■ Problem to work on ■
The lines below, from the one holding "Vaina participe au" through the one holding "Reventa - Villa - Pinoso - Inland", are to be restated word for word, with all images left out.

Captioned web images
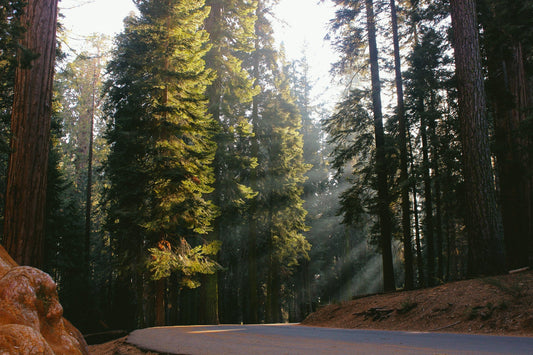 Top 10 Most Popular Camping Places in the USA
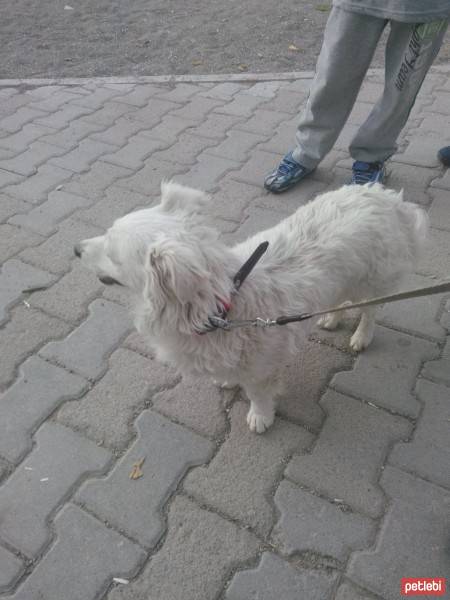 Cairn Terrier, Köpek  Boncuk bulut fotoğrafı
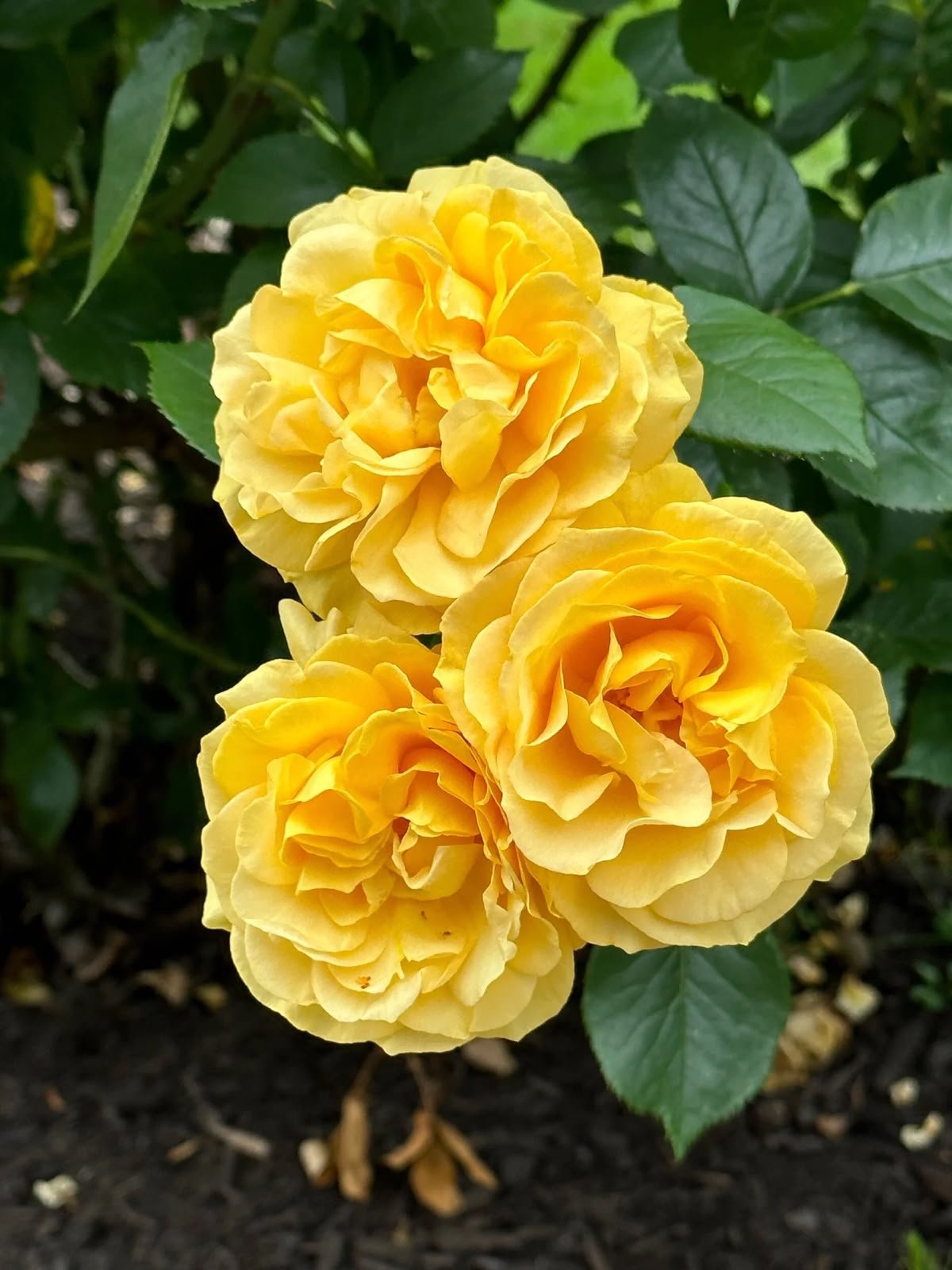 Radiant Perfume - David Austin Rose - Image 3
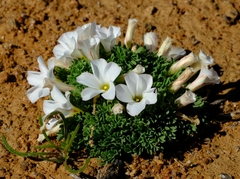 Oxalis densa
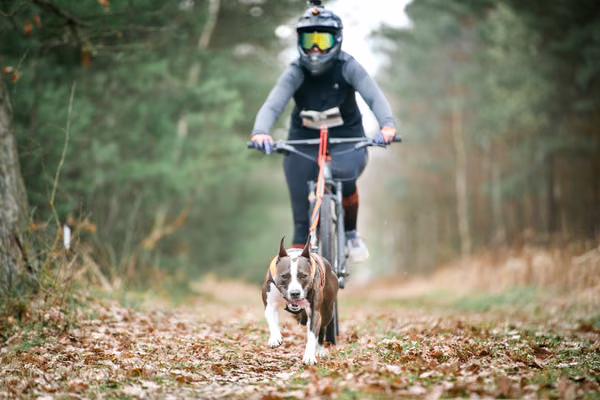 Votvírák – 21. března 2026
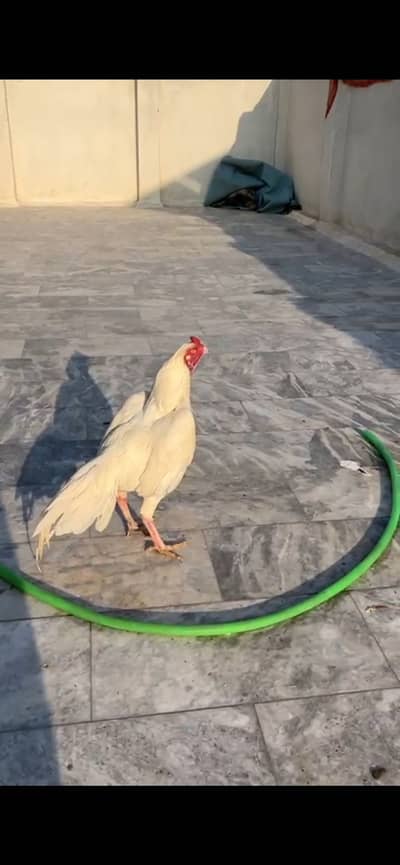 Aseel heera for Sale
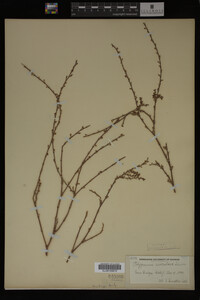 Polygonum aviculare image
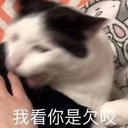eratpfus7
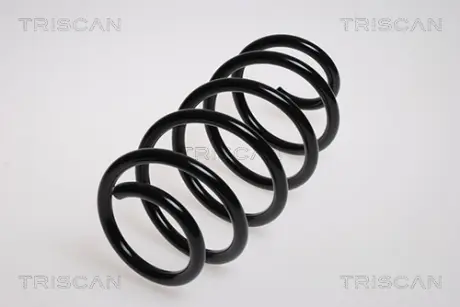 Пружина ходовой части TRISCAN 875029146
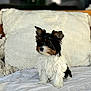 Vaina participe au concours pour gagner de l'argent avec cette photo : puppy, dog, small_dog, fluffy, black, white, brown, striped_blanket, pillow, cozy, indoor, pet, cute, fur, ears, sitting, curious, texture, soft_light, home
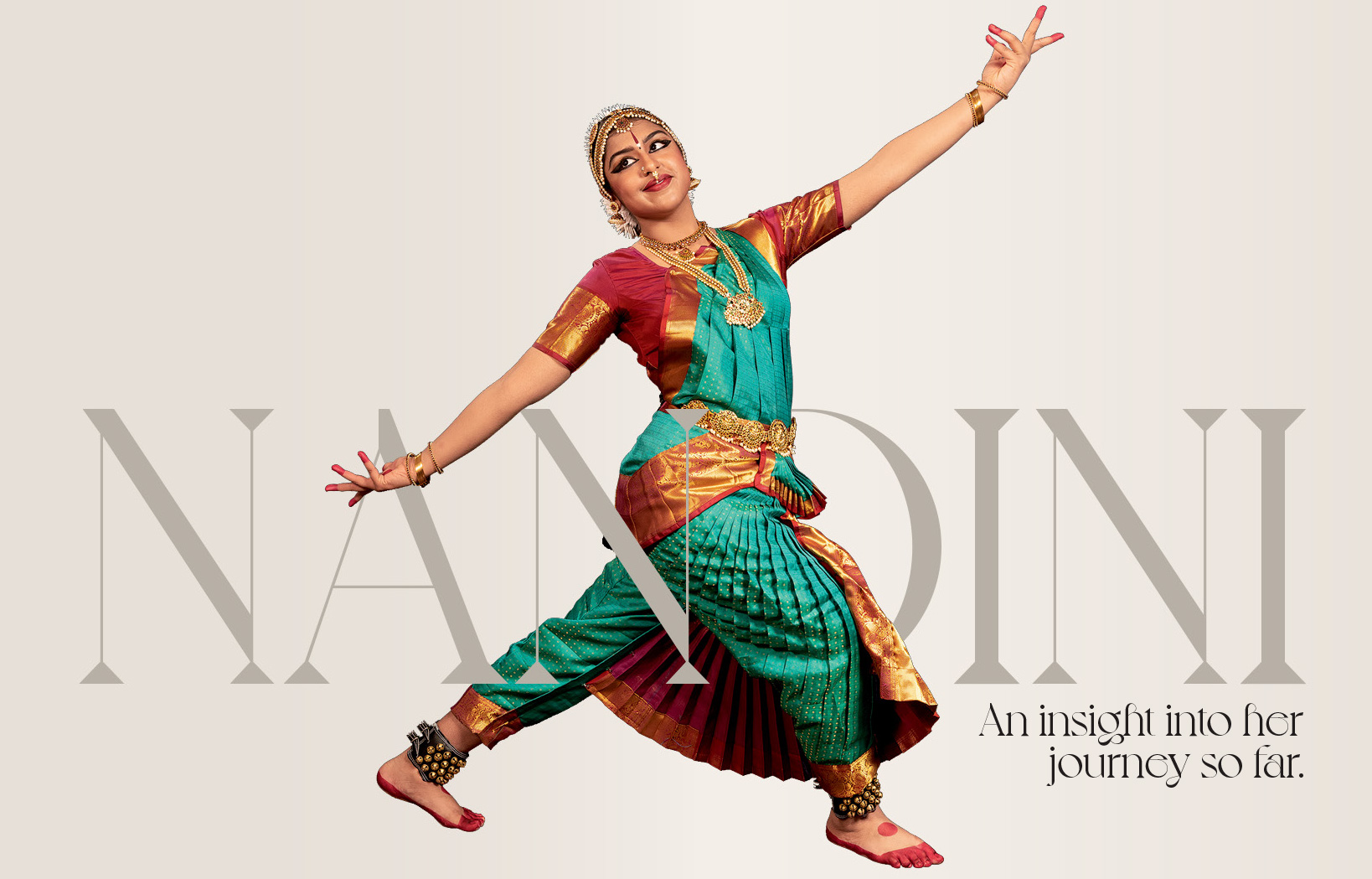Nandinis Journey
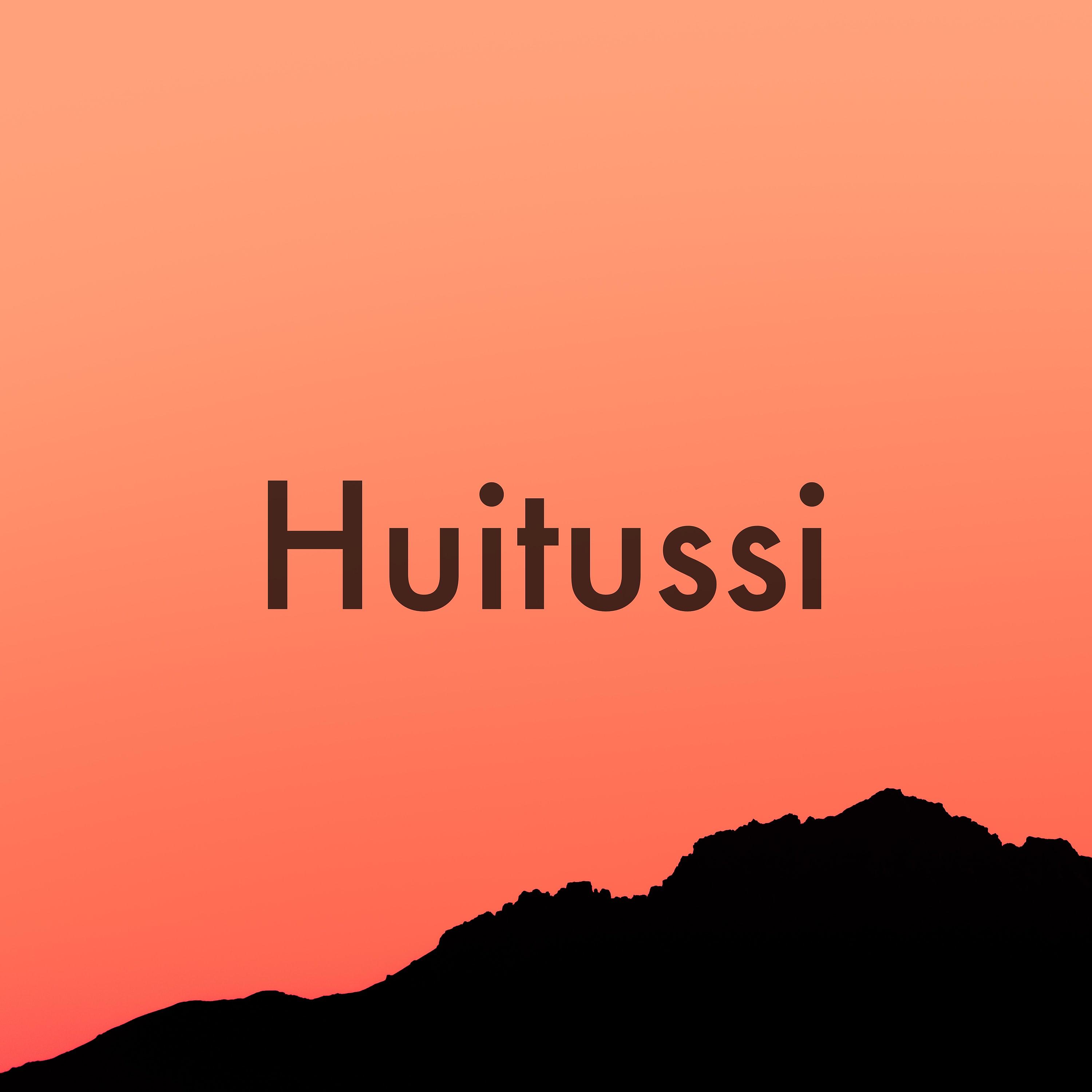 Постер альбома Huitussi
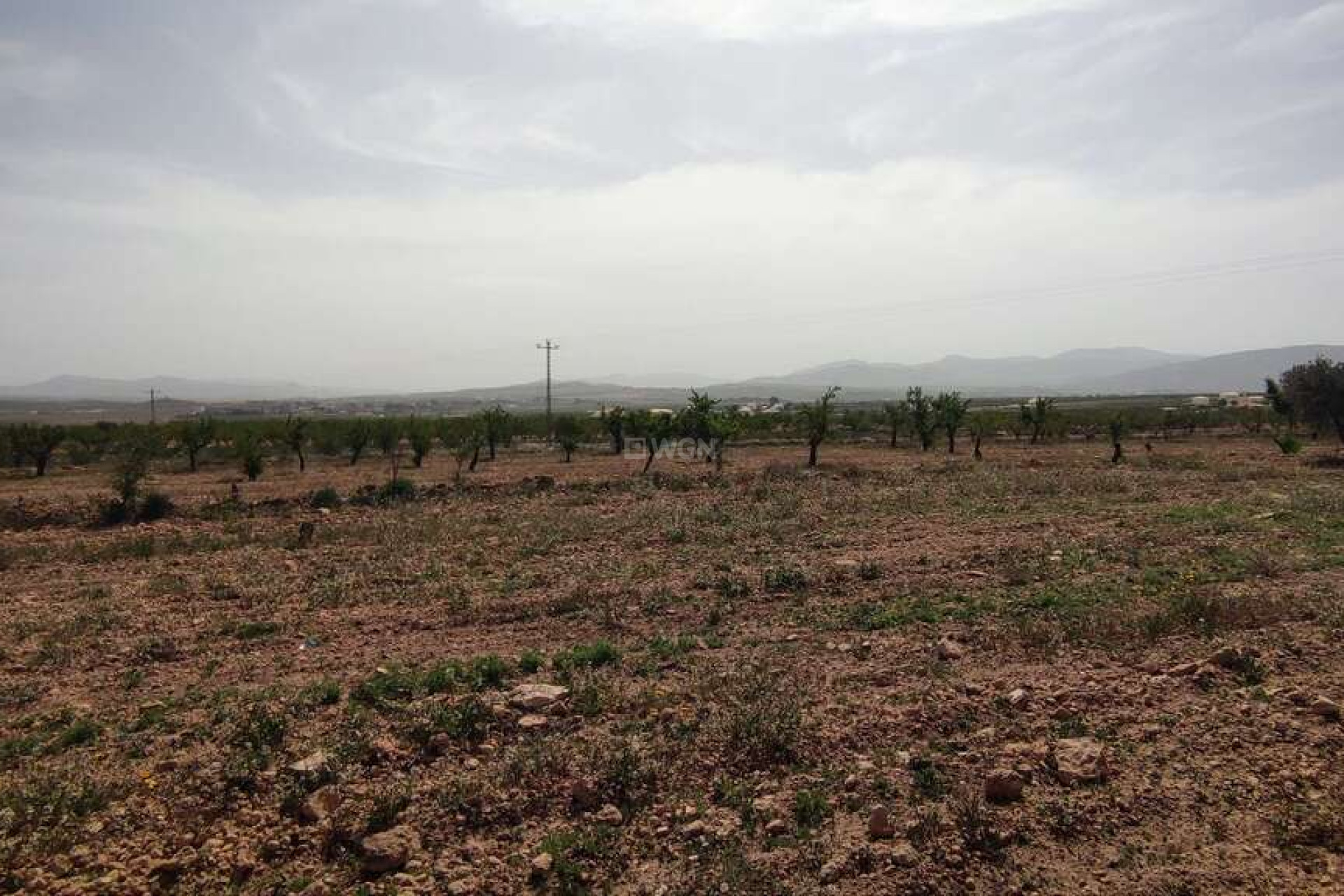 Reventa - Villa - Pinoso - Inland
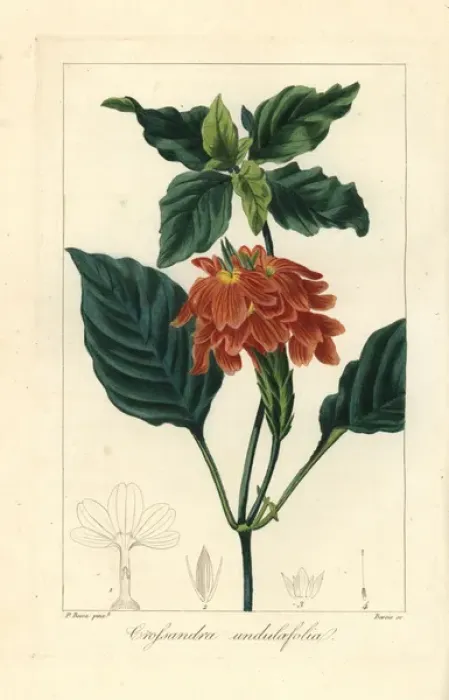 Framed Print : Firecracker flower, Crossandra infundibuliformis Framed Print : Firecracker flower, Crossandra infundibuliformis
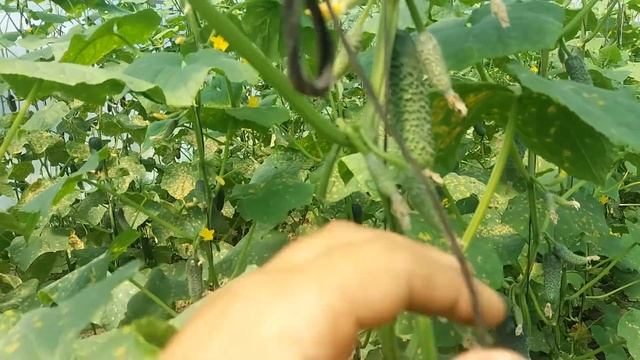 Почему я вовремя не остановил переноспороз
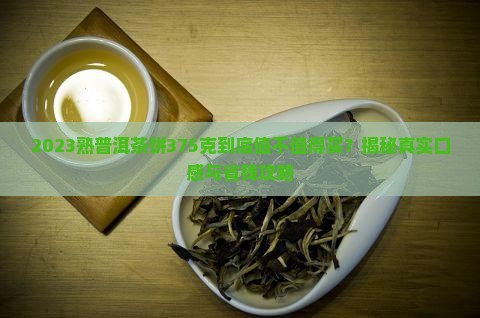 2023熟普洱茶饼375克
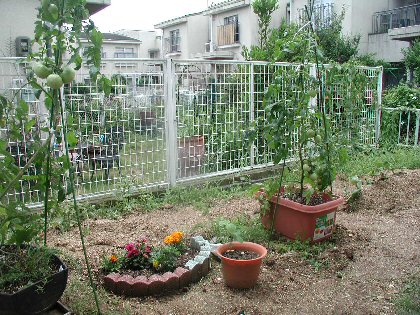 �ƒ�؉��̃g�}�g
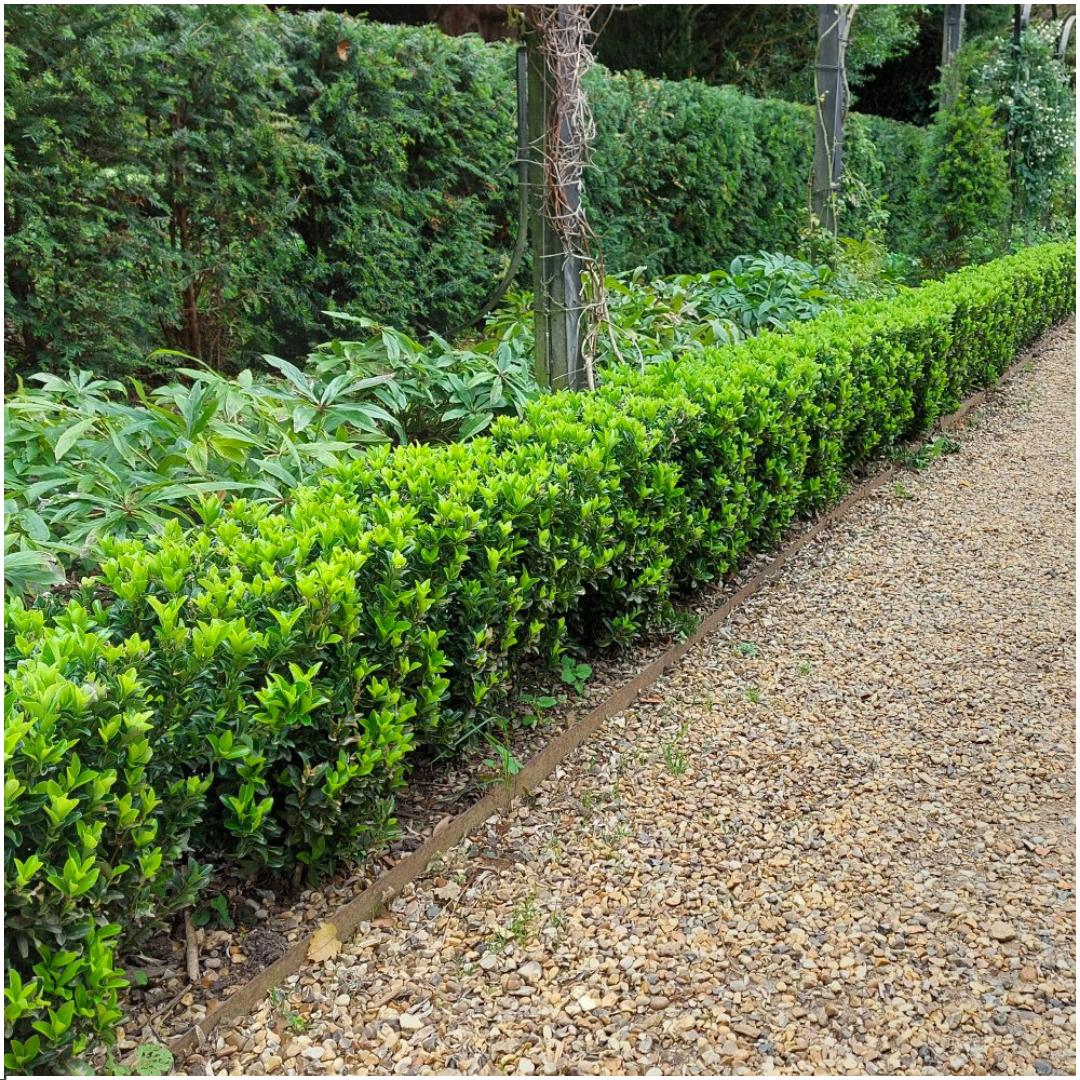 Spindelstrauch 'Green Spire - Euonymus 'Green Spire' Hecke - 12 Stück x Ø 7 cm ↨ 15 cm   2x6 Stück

■ Written answer ■
 Vaina participe au concours pour gagner de l'argent avec cette photo : puppy, dog, small_dog, fluffy, black, white, brown, striped_blanket, pillow, cozy, indoor, pet, cute, fur, ears, sitting, curious, texture, soft_light, home
Nandinis Journey
 Постер альбома Huitussi
 Reventa - Villa - Pinoso - Inland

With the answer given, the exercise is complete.